Further illustratively, the time domain resource unit shown in fig. 5 includes 2 slots (slot 2n and slot 2n +1), each slot containing 14 windows (window 0-window 13). In the time domain resource unit, it is assumed that the number of times of the predetermined retransmission data is 4, and the length of each predetermined retransmission data is 5 symbols. If the starting position of the first predetermined retransmission data is window 1 of slot 2n, it can be known from fig. 5 that: the first preset retransmission data, the second preset retransmission data and the fourth preset retransmission data are all in one time slot, and no segmentation occurs; the third pre-determined retransmission data is in slot 2n and slot 2n +1, and fragmentation occurs. If the starting position of the current actual retransmission data is the window 11 in the time slot 2n, referring to fig. 5, it can be known that, since the third predetermined retransmission data is segmented and is divided into two actual retransmission data, the length of the current actual retransmission data is 3 symbols, and the redundancy version number of the current actual retransmission data is 3. The determination apparatus 300 of redundancy version obtains that the length of the actual retransmission data is 3 symbols and the redundancy version number of the actual retransmission data is 3.

Optionally, the length N of the actual retransmission data and the redundancy version number a of the actual retransmission data may be obtained by configuring a Time Domain Resource Allocation (TDRA) table.

S402, the device 300 for determining redundancy version obtains the length M of the predetermined retransmission data.

For example, the length of each predetermined retransmission data in the time domain resource unit shown in fig. 3 is 5 symbols, and the redundancy version determining apparatus 300 obtains the length of the predetermined retransmission data as 5 symbols.

For another example, the length of each predetermined retransmission data in the time domain resource unit shown in fig. 5 is 5 symbols, and the apparatus 300 for determining redundancy version obtains the length of the predetermined retransmission data as 5 symbols.

Optionally, the length of the preset retransmission data and the number of times of the preset retransmission data may be obtained through a TDRA table.

S403, the device 300 for determining redundancy version determines whether the length N of the current actual retransmission data is smaller than the length M of the preset retransmission data.

The redundancy version determination device 300 performs S404 if the length N of the actual retransmission data is smaller than the length M of the preset retransmission data.

For example, the length of the retransmission data preset in the time domain resource unit shown in fig. 5 is 5 symbols, and the length of the actual retransmission data obtained by the redundancy version determining device 300 is 3 symbols.
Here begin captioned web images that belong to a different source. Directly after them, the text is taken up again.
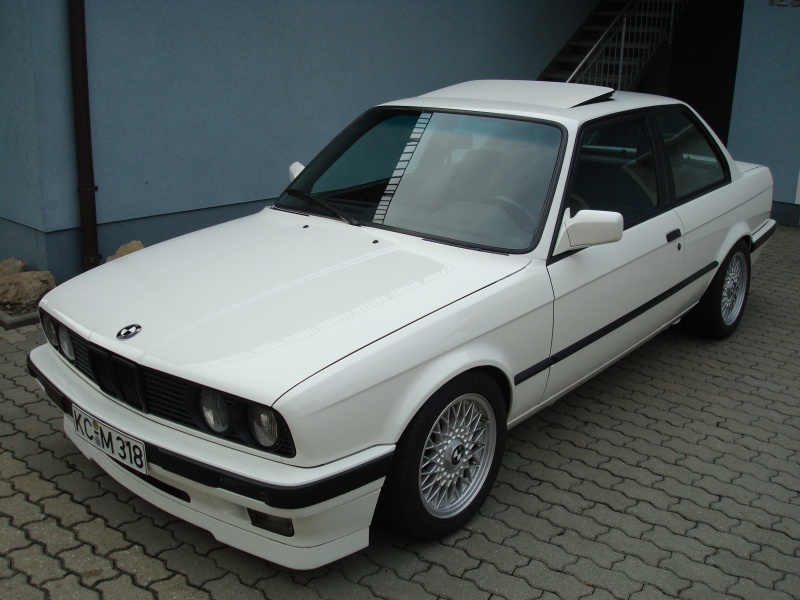 E30 318is BBS Kreuzspeiche - 3er BMW - E30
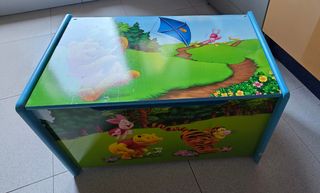 Baúl Winnie the Pooh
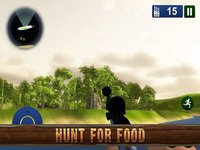 Sniper Hunting: Jungle Surviva screenshot, image №1611624 - RAWG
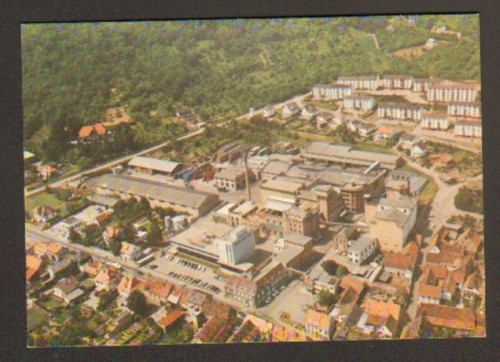 Mutzig distillerie - (67),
The length (3 symbols) of the actual retransmission data is smaller than the length (5 symbols) of the preset retransmission data, and the redundancy version determination apparatus 300 performs S404.

S404, the redundancy version determining device 300 determines that the redundancy version number of the next actual retransmission data is a, and the length of the next actual retransmission data is M-N.
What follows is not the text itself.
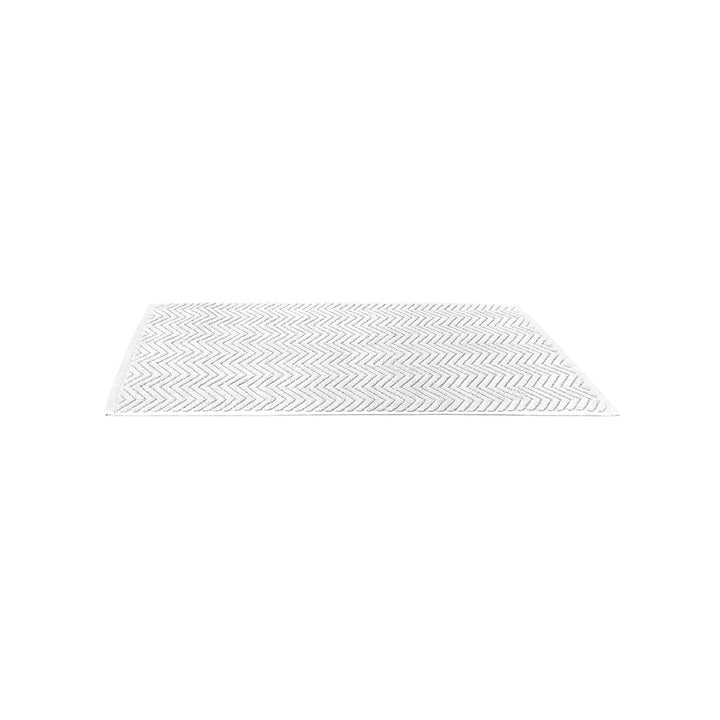 RIAD white bath mat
In the time domain resource unit shown in fig. 5, the length of each preset retransmission data is 5 symbols, and the redundancy version number of the actual retransmission data obtained by the redundancy version determining device 300 is 3. The length of the actual retransmission data is 3 symbols. The redundancy version determining apparatus 300 determines that the next retransmission data has a redundancy version number of 3 and a length of 2(5-3) symbols.

Optionally, the method for determining a redundancy version provided in the embodiment of the present invention further includes:

and determining that the first data in the next actual retransmission data is positioned the same as the last data of the current actual retransmission data.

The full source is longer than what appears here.